The good news is that we know something we did not know in the early 1990s: that post-communist and post-Soviet transformation is possible, and that free market democracies can emerge from the ruin of the Soviet system. Poland and the Baltic states showed the way in their time, and anybody who thinks that their success was easy or inevitable hasn’t looked at it.

Poland’s road is instructive: its initial leaders after 1989, 30 years ago, took the political capital from liberation and invested it in radical economic reform. It was a risky bet, but it worked. Poland’s GDP tripled in one generation. The economic results from their initial reforms generated more political capital, which the Poles then took and applied to their national goal of integration into the West. Poland’s reforms, and the results from those reforms, came first. The institutional consequences followed.

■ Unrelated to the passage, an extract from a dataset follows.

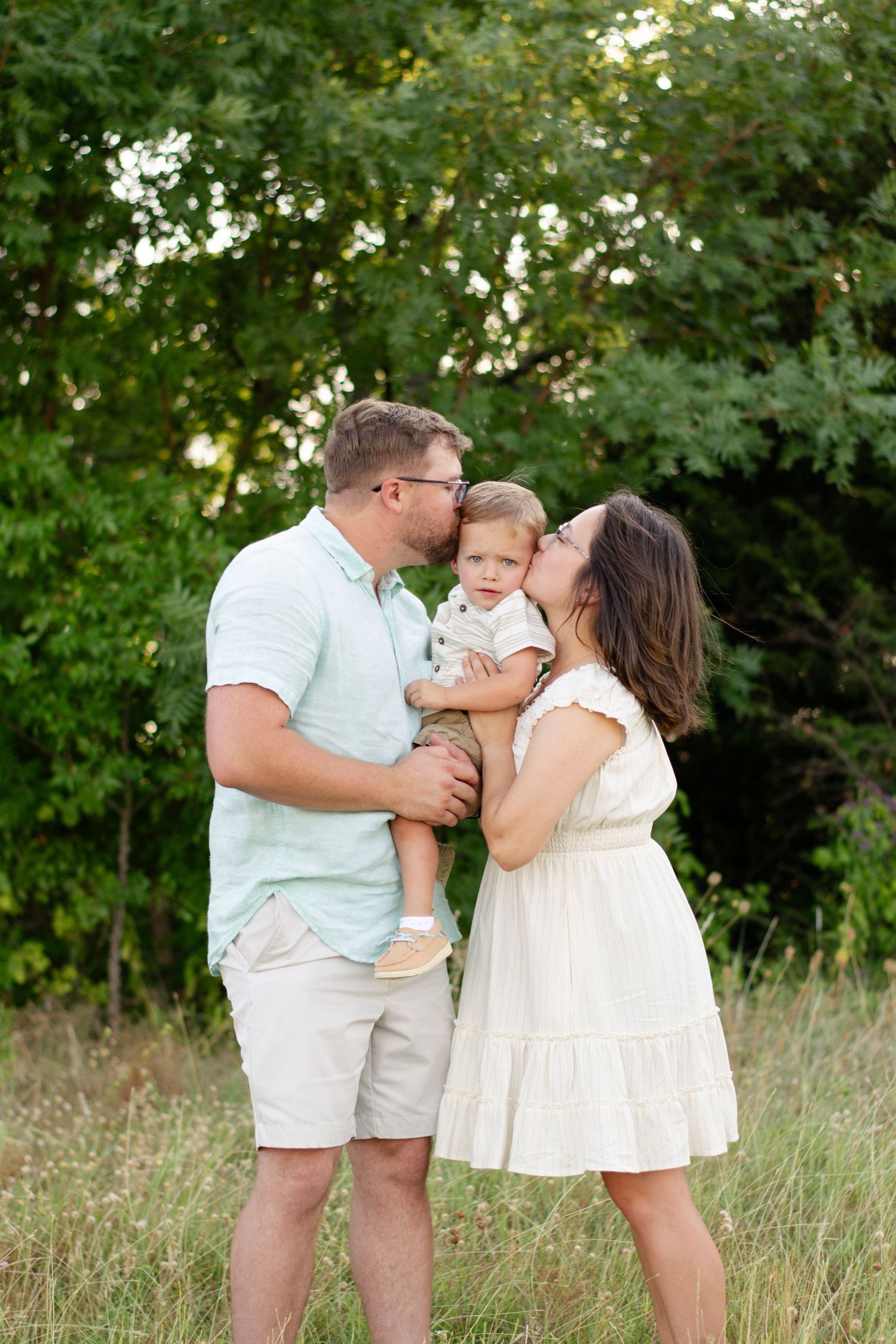 Young family giving kisses to their son in Grapevine, Texas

Putin’s Russia attacked Ukraine not so Vladimir Putin could hold victory parades, though I expect that he likes them, but in order to block Ukraine’s domestic transformation and its road to Europe. This remains Putin’s goal, because if Ukraine succeeds in realizing its European future, starting with reforms at home, Putinism will be wounded, perhaps fatally. President Zelensky was right when he reminded the Russian people that Ukraine shows that a better alternative is available, and available to them.

Ukraine has lost territory and is still under attack. It’s people — refugees, those under occupation, millions of people in different ways — continue to suffer from Putin’s aggression both direct and indirect. But the courage of its soldiers and resistance of Ukrainian society has given Ukraine the opportunity for strategic success: reforms at home which will open its road to Europe.

This new government, and the new Rada to come, must act fast, using their political capital now, while it is at its peak, to take the hard steps to transform the country. Breaking up the oligarchic system and opening up the economy is near the top of the list.

It’s not all on Ukraine. The West has its responsibilities. It must maintain faith with the Ukrainian people: no dirty deals with Russia over their heads, no rotten trade-offs or new Yaltas. The US and Europe should maintain sanctions and deepen them if Russia continues to refuse a settlement which restores Ukraine’s Eastern international border. NATO and the US should deepen their military cooperation with Ukraine. NATO and the EU need to keep their doors open to Ukraine, and what seems difficult now may seem otherwise later. I’m glad that the US issued an equivalent of the Wells Declaration, making clear that it will not recognize the Kremlin’s illegal annexation of Crimea. As the new government moves toward new reforms, the US and Europe, working with the IMF, will be able to help. All should work to loosen Russia’s energy leverage over Ukraine, and over Europe.

Above all, the US and Europe should take inspiration from those fighting for freedom, Ukrainians now, like Poles and Balts a generation ago. We should take heart from Ukrainians’ determination and faith in us, to recall and act on our own values and vision of an undivided Europe, with its institution extending as far in greater Europe as our common values extend.